According to Zeroin, a fund evaluation company, local bond funds lost 4.75 percent on average in May as interest rates of government bonds have been rising in major countries. If yields rise, bond prices drop and so do profits for fund investors.
“As for local bond funds, the price of bonds has dropped and interest isn’t that high,” said Jang Chun-ha, a researcher at Woori Investment and Securities. “Investors should recollect their money by withdrawing their investment.”
The surge in interest rates on bonds was triggered by worries that U.S. Federal Reserve might begin to pull back from its quantitative easing by purchasing bonds if the American economy continues to improve.
That possibility was raised last month by Fed Chairman Ben Bernanke. Bank of Korea Gov.

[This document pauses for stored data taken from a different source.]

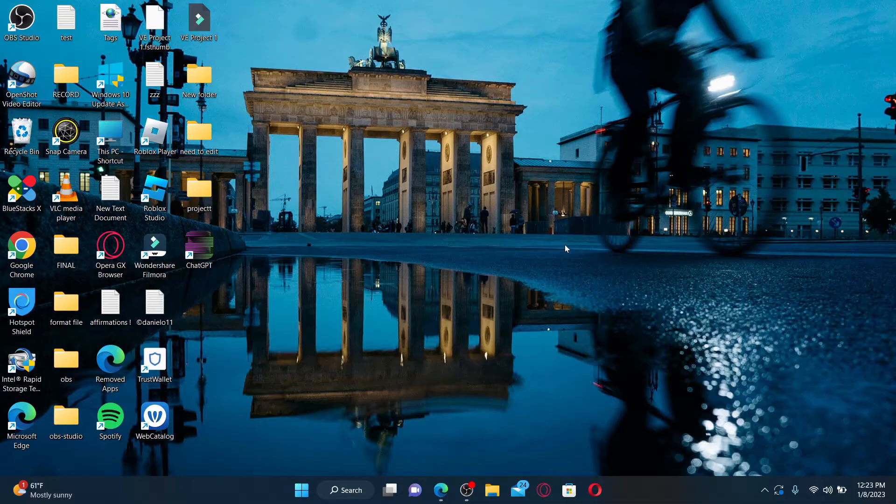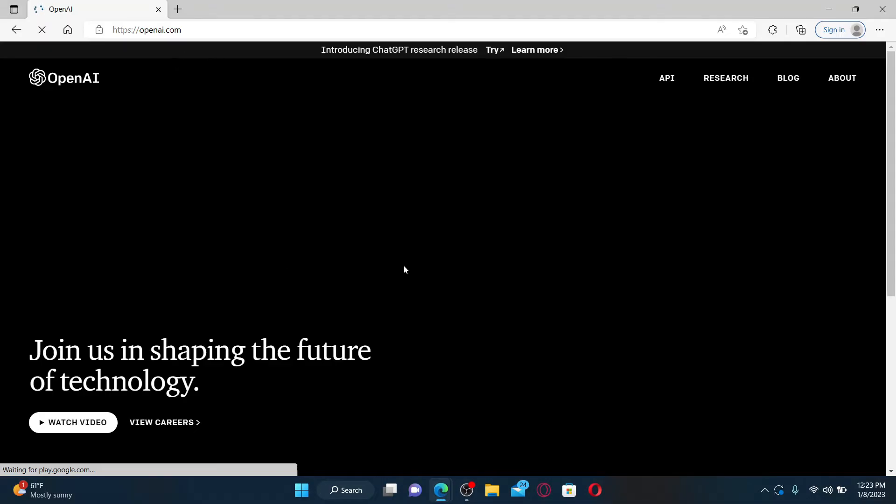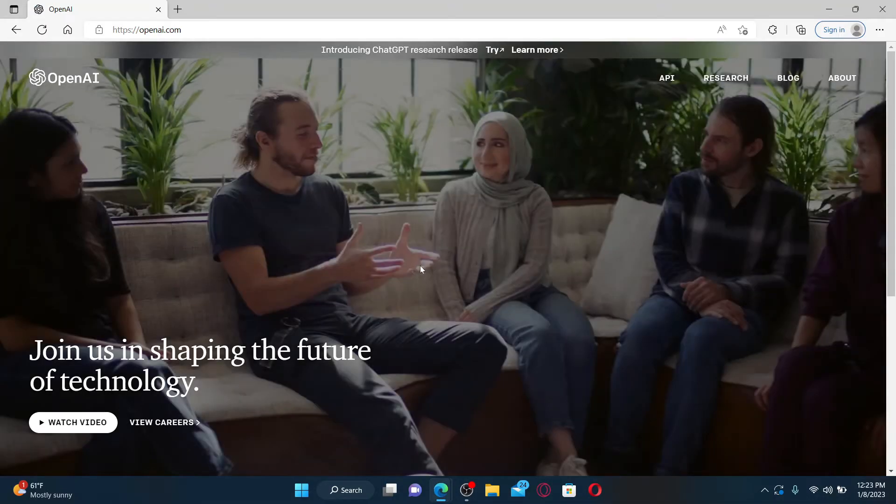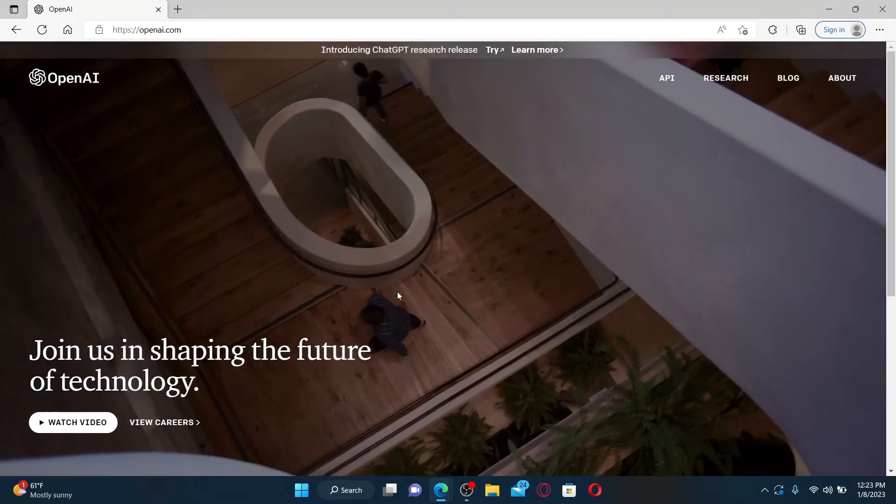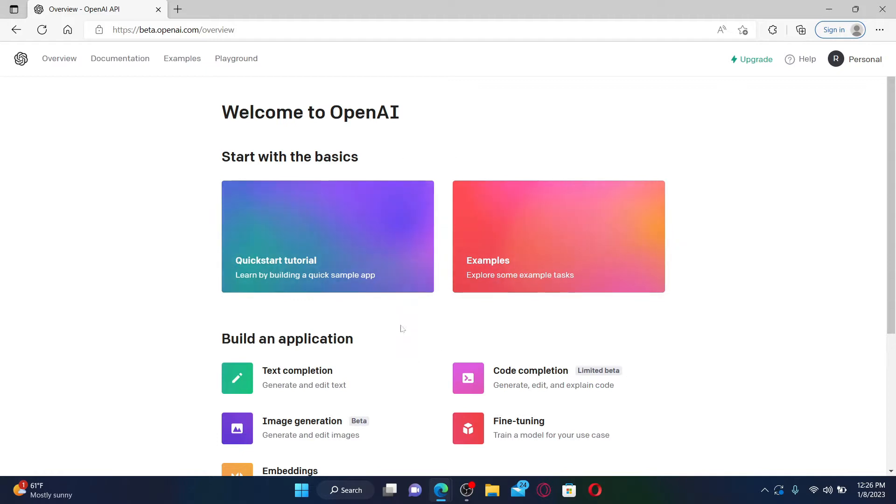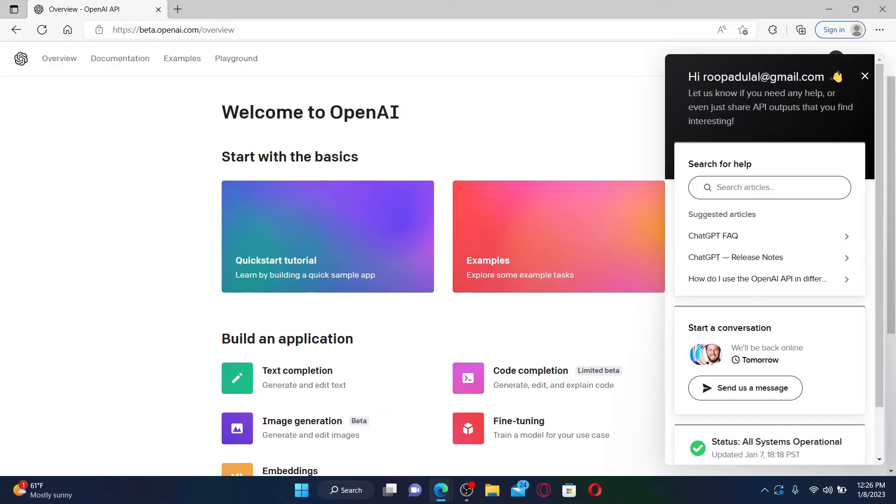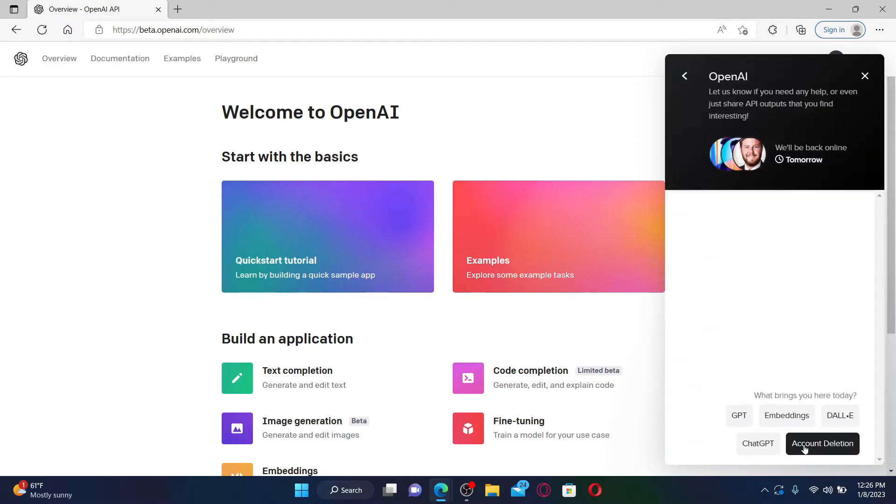To delete your OpenAI account, first open up a web browser and make sure that you're logged into your OpenAI account. Once you end up in the main home page, go and click on the help button at the top right-hand corner and click on 'send us a message.' Under 'start a conversation,' now click on the account deletion option at the bottom right.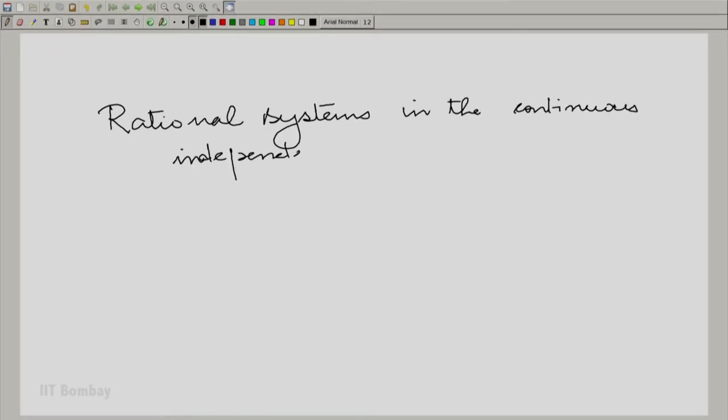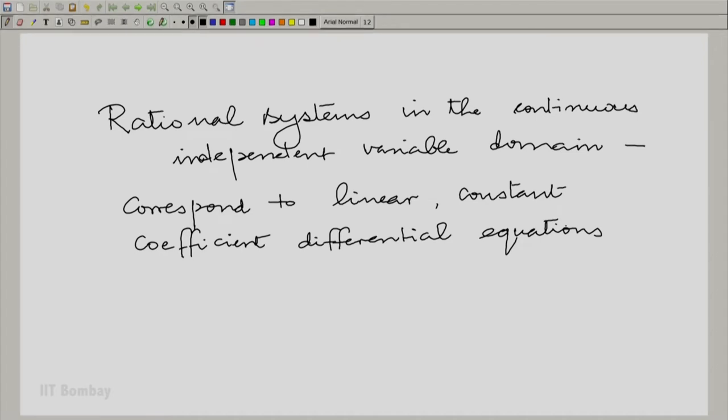Welcome to the sixteenth session in the fourth module on signals and systems. We have now looked at the importance of rational systems in the continuous independent variable case. Let us write that down once again with great clarity. Rational systems correspond to linear constant coefficient differential equations, LCCDEs as we call them. This is the typical kind of system description that you encounter in nature, at least as far as linear shift invariant approximations are concerned.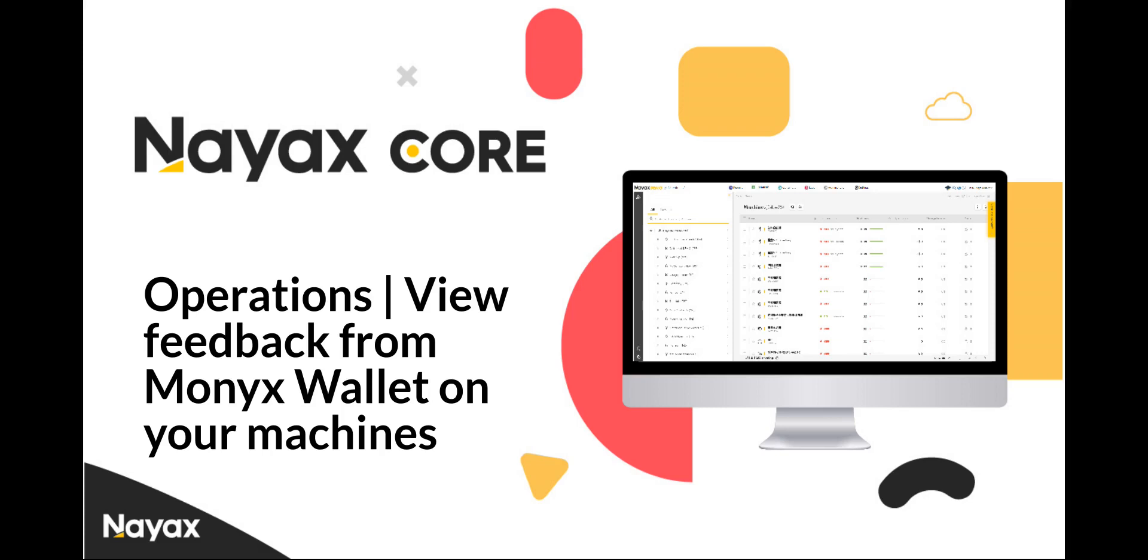This guide will explain how to view feedback from Monix Wallet using NIX Core. Taking care of your feedback will help you manage your business effectively and maximize your consumer's loyalty.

Kim Choong-soo also warned last week about risks that could arise when the United States ends its expansionary monetary measures.
As of Friday, the yield for a 10-year U.S. Treasury bond increased 0.5 percentage point to 2.13 percent compared to a month ago, while the yield for Japanese bonds increased 0.3 percentage point to 0.87 percent.

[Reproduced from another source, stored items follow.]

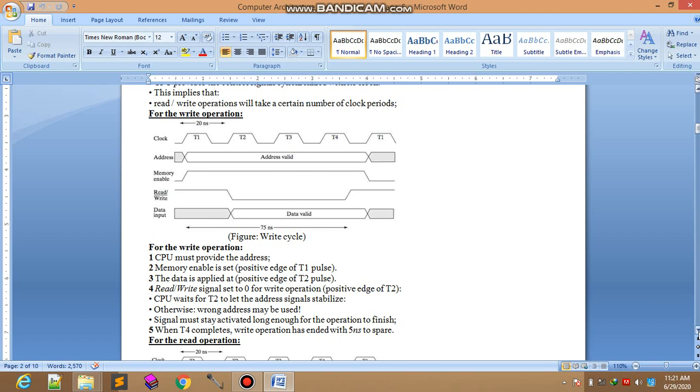Nanoseconds to spare. Then next thing is read operation.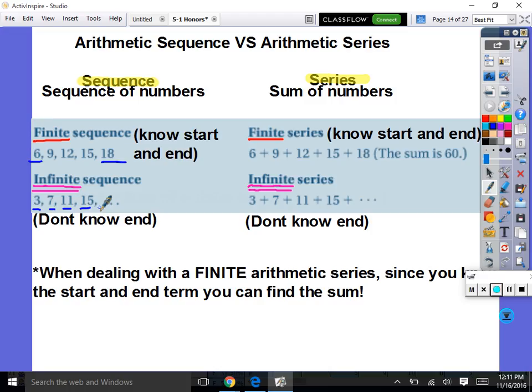We can keep adding on forever, approaching infinity. So we will not be able to find the sum of an infinite series. When dealing with a finite arithmetic series, since you have the start and end terms, you can find the sum. Here is the formula: the sum S of N equals N divided by 2 times A sub 1 plus A sub N. N is the number of terms you're adding up, A sub 1 is the first term, and A sub N is the last term.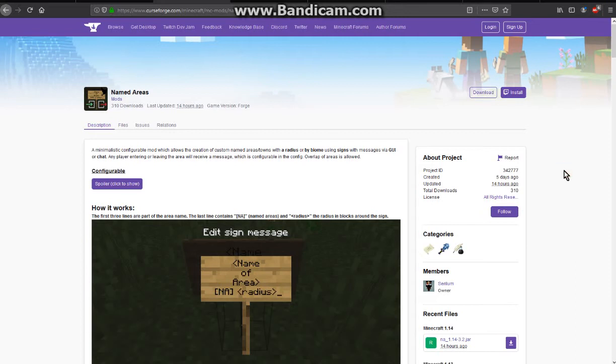Hello everyone, this is Tendog2 and welcome to another mod overview, this time on Named Areas.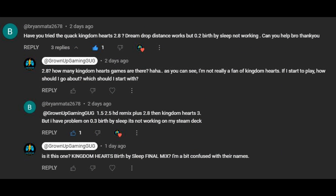Hello everybody. Today we're doing another fan service. This one's for Brian Matter. He's asking for Kingdom Hearts, specifically 0.2 Birth by Sleep.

Goldman Sachs predicted recently that Japan’s 10-year yields would reach 1 percent in the latter half of this year and up to 1.1 percent in the second quarter of 2014. The yield for a 10-year Treasury bond in Korea also surged 0.4 percentage point over the same period.
With the rise in bond yields, the profit rate of funds invested in Treasuries has been disappointing. As of Friday, the profit rate of bond funds over the past week was minus 0.27 percent, while that of overseas funds was minus 0.71 percent.
Experts note that investors should be cautious in betting on Treasuries overseas, particularly those of major developed countries, adding that bond funds in emerging countries like Mexico and Indonesia might be an alternative.